Parallel tuned circuits present a high impedance at their resonant frequency.

Series tuned circuits present a low impedance at their resonant frequency.

The example circuit which you are showing will have maximum output at Fo.
At 3Fo and 5Fo, the harmonic components of the signal will be attenuated.

The circuit as drawn is an AC equivalent circuit which is not a practical circuit, it omits DC supply and bias circuits.

JimB

 

[MrAl]

Hi Eric,
Thanks.

I understand that summing all odd harmonics results with a square wave.

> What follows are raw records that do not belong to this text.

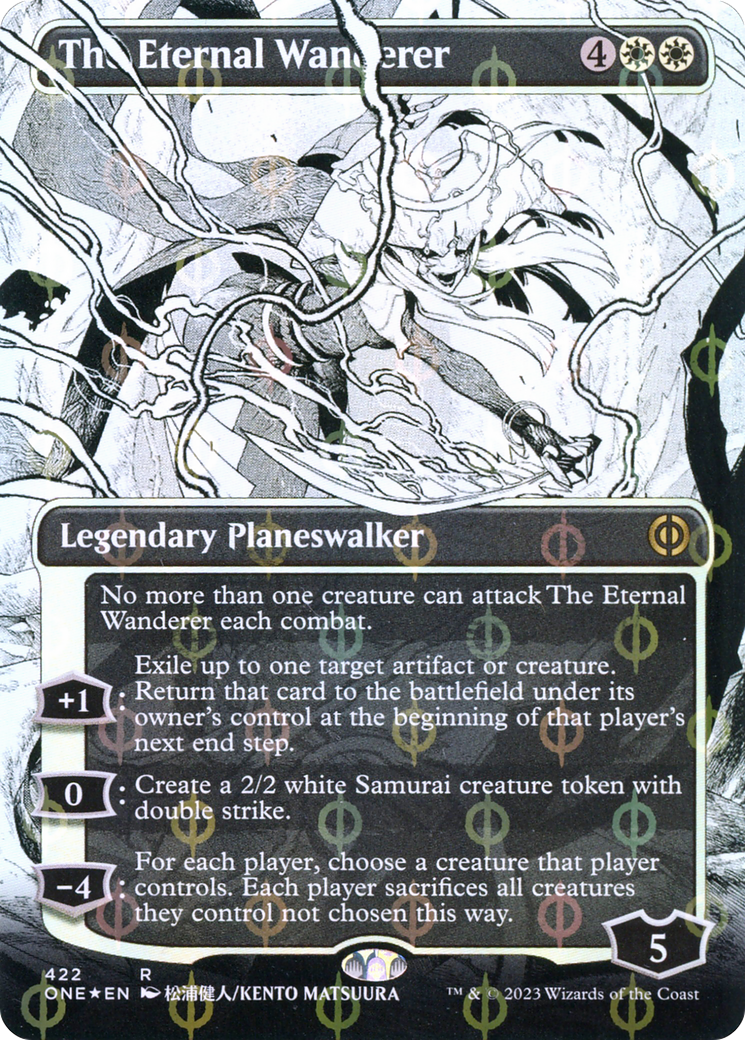 The Eternal Wanderer (Borderless Manga Step-and-Compleat Foil) [Phyrexia: All Will Be One] | Gear Gaming Bentonville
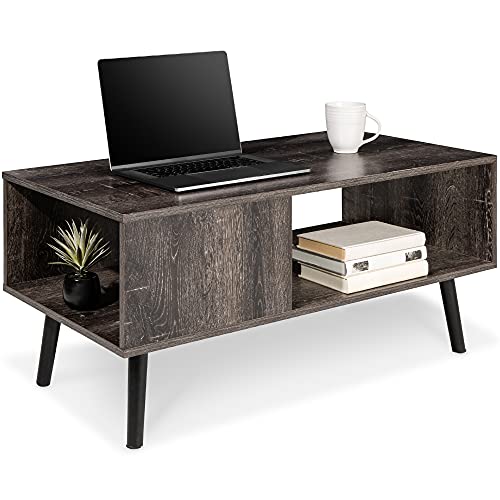 Best Choice Products Wooden Mid-Century Modern Coffee Table, Accent Furniture for Living Room, Indoor, Home DÃ©cor w/Open Storage Shelf, Wood Grain Finish - Black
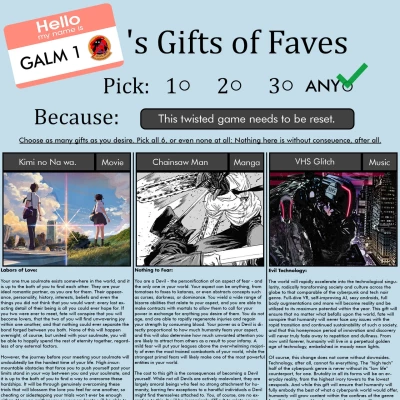 Image For Post Galm 1's Gifts of Faves CYOA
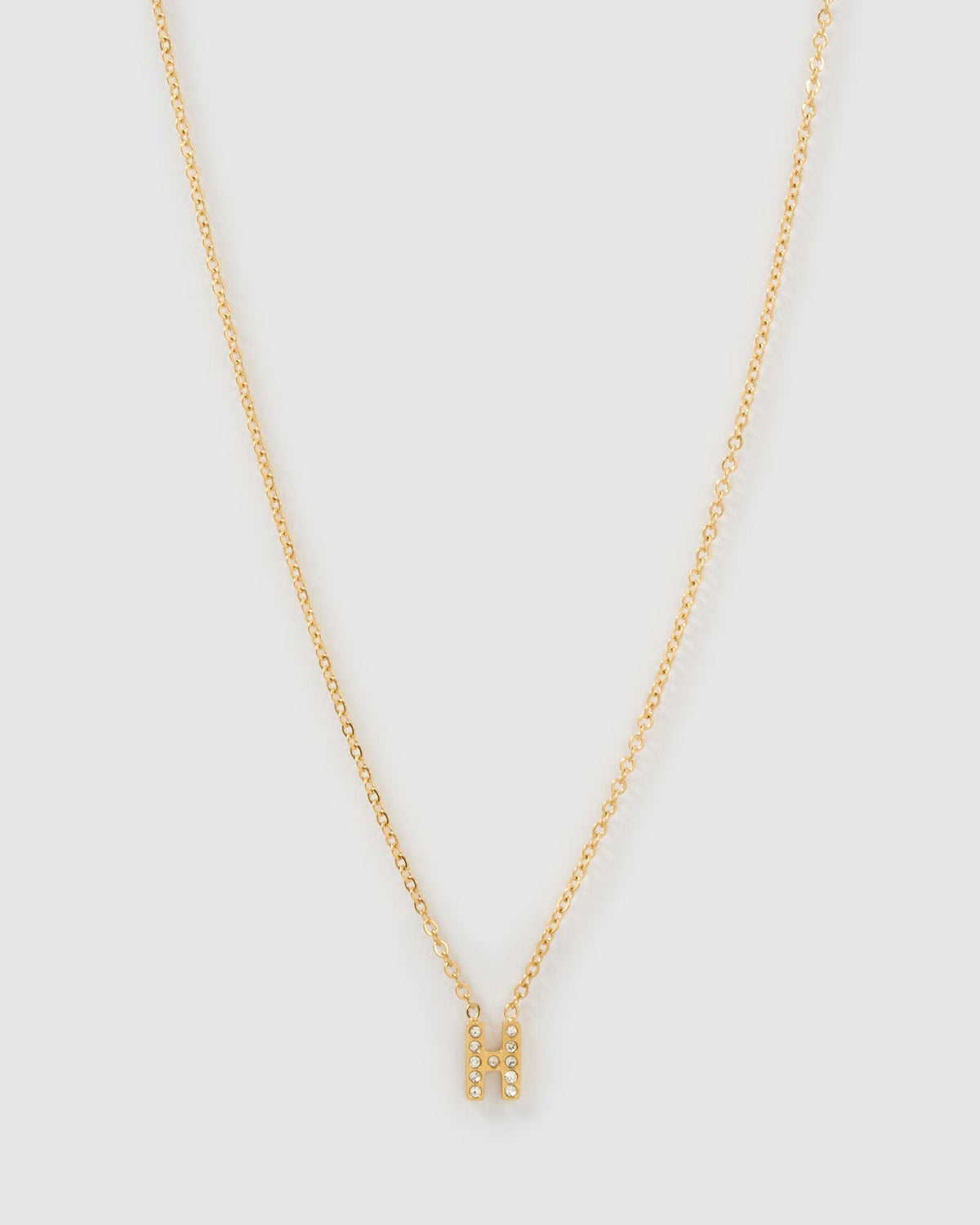 Mini Initial Stone Necklace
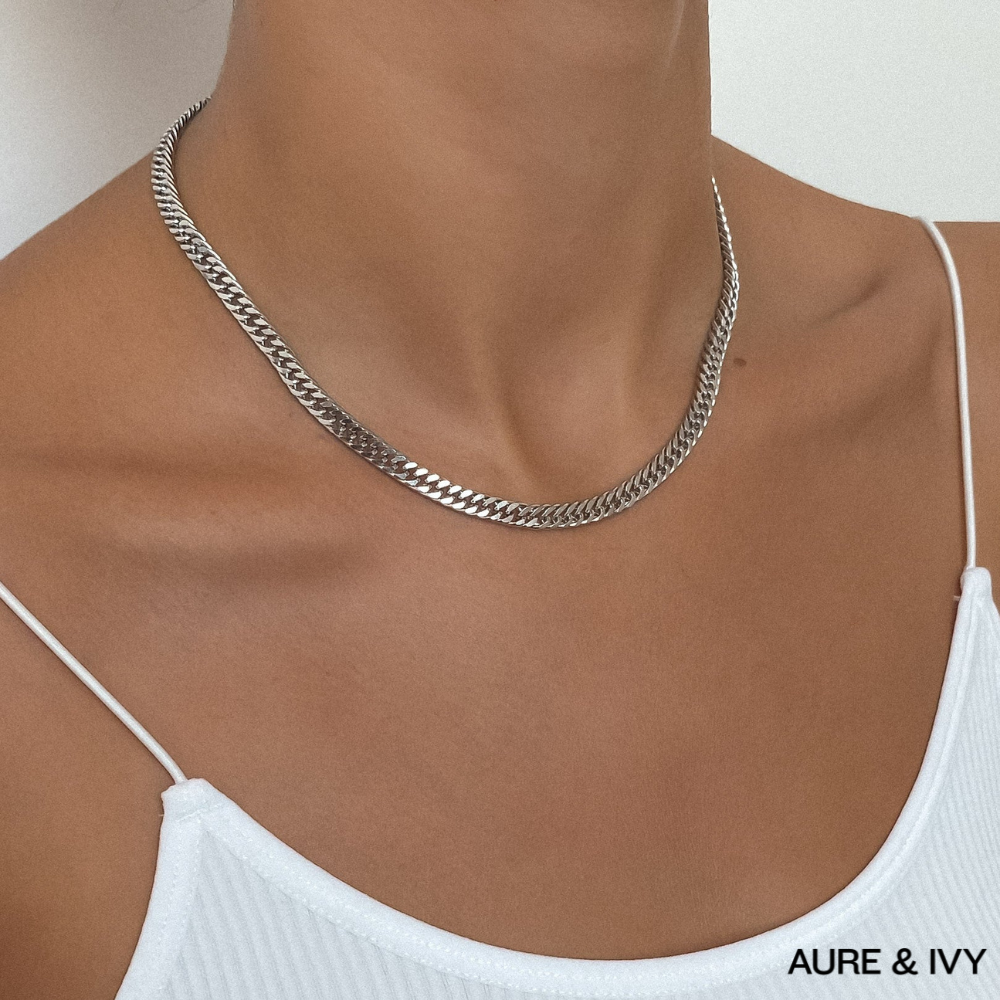 Double Link Curb Chain | Silver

I'm trying to figure out how the below circuit sums them up - in this case the 1st, 3rd and 5th harmonics.

Hi,

That circuit is a rough diagram of what it might take to reduce the square wave harmonics to get a more pure sine fundamental output. It roughly gets rid of the 3rd and 5th harmonics, which are the most important harmonics in the square wave to get rid of if you want a more perfect pure sine output at the fundamental frequency. So in the square wave we have a bunch of added harmonics, and in that filter we subtract some amount of both the 3rd and 5th harmonics in an attempt to get rid of them and get a better pure sine wave.
The last filter shown knocks down more harmonics because it's resonant at the fundamental frequency f0 but this filter unlike the other two is in parallel which means it lets the fundamental pass and shunts part of the other frequencies. The two in series block those respective frequencies and let some of the other ones pass, like the fundamental.